INPUT:
▼

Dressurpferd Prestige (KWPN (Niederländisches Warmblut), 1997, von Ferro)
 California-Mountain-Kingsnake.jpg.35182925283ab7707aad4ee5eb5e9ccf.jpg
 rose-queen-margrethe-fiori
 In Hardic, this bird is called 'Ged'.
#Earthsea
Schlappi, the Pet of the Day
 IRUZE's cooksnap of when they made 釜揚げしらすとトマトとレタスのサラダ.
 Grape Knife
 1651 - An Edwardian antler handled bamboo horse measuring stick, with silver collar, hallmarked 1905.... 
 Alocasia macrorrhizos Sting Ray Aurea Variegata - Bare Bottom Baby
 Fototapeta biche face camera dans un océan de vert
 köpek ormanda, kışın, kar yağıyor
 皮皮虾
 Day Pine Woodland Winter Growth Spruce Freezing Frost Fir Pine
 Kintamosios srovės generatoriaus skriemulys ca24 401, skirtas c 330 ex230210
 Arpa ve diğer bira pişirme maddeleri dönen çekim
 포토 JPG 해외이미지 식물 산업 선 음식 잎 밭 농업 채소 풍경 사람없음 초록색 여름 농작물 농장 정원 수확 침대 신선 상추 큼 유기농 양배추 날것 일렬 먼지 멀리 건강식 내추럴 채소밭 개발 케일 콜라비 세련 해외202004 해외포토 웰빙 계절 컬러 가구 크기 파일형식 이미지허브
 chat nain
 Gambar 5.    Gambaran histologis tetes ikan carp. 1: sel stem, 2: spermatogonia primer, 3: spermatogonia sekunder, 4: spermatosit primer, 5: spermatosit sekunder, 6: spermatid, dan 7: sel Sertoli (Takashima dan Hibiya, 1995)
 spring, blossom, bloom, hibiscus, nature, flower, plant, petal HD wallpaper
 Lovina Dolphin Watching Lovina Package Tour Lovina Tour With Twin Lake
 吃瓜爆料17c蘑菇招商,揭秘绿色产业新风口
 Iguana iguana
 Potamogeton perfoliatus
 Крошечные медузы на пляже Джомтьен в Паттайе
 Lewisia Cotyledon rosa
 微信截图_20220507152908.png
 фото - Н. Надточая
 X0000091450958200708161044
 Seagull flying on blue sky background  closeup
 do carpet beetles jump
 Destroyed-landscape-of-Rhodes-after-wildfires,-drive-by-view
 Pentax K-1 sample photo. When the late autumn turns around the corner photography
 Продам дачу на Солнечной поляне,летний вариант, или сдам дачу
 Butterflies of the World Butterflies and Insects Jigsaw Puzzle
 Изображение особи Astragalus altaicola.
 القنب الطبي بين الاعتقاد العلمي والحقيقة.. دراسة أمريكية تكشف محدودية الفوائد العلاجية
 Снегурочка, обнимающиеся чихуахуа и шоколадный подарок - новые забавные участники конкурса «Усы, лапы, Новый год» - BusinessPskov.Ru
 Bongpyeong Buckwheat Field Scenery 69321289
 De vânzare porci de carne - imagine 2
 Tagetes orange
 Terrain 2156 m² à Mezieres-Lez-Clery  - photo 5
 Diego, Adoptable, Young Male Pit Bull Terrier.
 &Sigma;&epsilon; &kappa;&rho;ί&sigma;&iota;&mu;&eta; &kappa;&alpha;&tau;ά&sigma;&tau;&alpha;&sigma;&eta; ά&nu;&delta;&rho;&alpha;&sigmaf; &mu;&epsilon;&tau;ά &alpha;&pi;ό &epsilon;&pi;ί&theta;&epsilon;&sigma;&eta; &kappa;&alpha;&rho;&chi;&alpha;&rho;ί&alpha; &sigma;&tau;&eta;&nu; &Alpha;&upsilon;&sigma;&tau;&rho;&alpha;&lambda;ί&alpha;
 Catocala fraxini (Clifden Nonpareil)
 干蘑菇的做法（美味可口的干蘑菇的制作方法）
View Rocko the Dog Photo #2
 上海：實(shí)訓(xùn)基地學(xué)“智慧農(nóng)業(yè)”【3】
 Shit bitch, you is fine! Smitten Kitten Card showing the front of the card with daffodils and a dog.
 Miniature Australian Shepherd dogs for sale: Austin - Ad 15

▲

EXERCISE DESCRIPTION: Return all of the data word for word.

EXERCISE OUTPUT:
Dressurpferd Prestige (KWPN (Niederländisches Warmblut), 1997, von Ferro)
 California-Mountain-Kingsnake.jpg.35182925283ab7707aad4ee5eb5e9ccf.jpg
 rose-queen-margrethe-fiori
 In Hardic, this bird is called 'Ged'.
#Earthsea
Schlappi, the Pet of the Day
 IRUZE's cooksnap of when they made 釜揚げしらすとトマトとレタスのサラダ.
 Grape Knife
 1651 - An Edwardian antler handled bamboo horse measuring stick, with silver collar, hallmarked 1905.... 
 Alocasia macrorrhizos Sting Ray Aurea Variegata - Bare Bottom Baby
 Fototapeta biche face camera dans un océan de vert
 köpek ormanda, kışın, kar yağıyor
 皮皮虾
 Day Pine Woodland Winter Growth Spruce Freezing Frost Fir Pine
 Kintamosios srovės generatoriaus skriemulys ca24 401, skirtas c 330 ex230210
 Arpa ve diğer bira pişirme maddeleri dönen çekim
 포토 JPG 해외이미지 식물 산업 선 음식 잎 밭 농업 채소 풍경 사람없음 초록색 여름 농작물 농장 정원 수확 침대 신선 상추 큼 유기농 양배추 날것 일렬 먼지 멀리 건강식 내추럴 채소밭 개발 케일 콜라비 세련 해외202004 해외포토 웰빙 계절 컬러 가구 크기 파일형식 이미지허브
 chat nain
 Gambar 5.    Gambaran histologis tetes ikan carp. 1: sel stem, 2: spermatogonia primer, 3: spermatogonia sekunder, 4: spermatosit primer, 5: spermatosit sekunder, 6: spermatid, dan 7: sel Sertoli (Takashima dan Hibiya, 1995)
 spring, blossom, bloom, hibiscus, nature, flower, plant, petal HD wallpaper
 Lovina Dolphin Watching Lovina Package Tour Lovina Tour With Twin Lake
 吃瓜爆料17c蘑菇招商,揭秘绿色产业新风口
 Iguana iguana
 Potamogeton perfoliatus
 Крошечные медузы на пляже Джомтьен в Паттайе
 Lewisia Cotyledon rosa
 微信截图_20220507152908.png
 фото - Н. Надточая
 X0000091450958200708161044
 Seagull flying on blue sky background  closeup
 do carpet beetles jump
 Destroyed-landscape-of-Rhodes-after-wildfires,-drive-by-view
 Pentax K-1 sample photo. When the late autumn turns around the corner photography
 Продам дачу на Солнечной поляне,летний вариант, или сдам дачу
 Butterflies of the World Butterflies and Insects Jigsaw Puzzle
 Изображение особи Astragalus altaicola.
 القنب الطبي بين الاعتقاد العلمي والحقيقة.. دراسة أمريكية تكشف محدودية الفوائد العلاجية
 Снегурочка, обнимающиеся чихуахуа и шоколадный подарок - новые забавные участники конкурса «Усы, лапы, Новый год» - BusinessPskov.Ru
 Bongpyeong Buckwheat Field Scenery 69321289
 De vânzare porci de carne - imagine 2
 Tagetes orange
 Terrain 2156 m² à Mezieres-Lez-Clery  - photo 5
 Diego, Adoptable, Young Male Pit Bull Terrier.
 &Sigma;&epsilon; &kappa;&rho;ί&sigma;&iota;&mu;&eta; &kappa;&alpha;&tau;ά&sigma;&tau;&alpha;&sigma;&eta; ά&nu;&delta;&rho;&alpha;&sigmaf; &mu;&epsilon;&tau;ά &alpha;&pi;ό &epsilon;&pi;ί&theta;&epsilon;&sigma;&eta; &kappa;&alpha;&rho;&chi;&alpha;&rho;ί&alpha; &sigma;&tau;&eta;&nu; &Alpha;&upsilon;&sigma;&tau;&rho;&alpha;&lambda;ί&alpha;
 Catocala fraxini (Clifden Nonpareil)
 干蘑菇的做法（美味可口的干蘑菇的制作方法）
View Rocko the Dog Photo #2
 上海：實(shí)訓(xùn)基地學(xué)“智慧農(nóng)業(yè)”【3】
 Shit bitch, you is fine! Smitten Kitten Card showing the front of the card with daffodils and a dog.
 Miniature Australian Shepherd dogs for sale: Austin - Ad 15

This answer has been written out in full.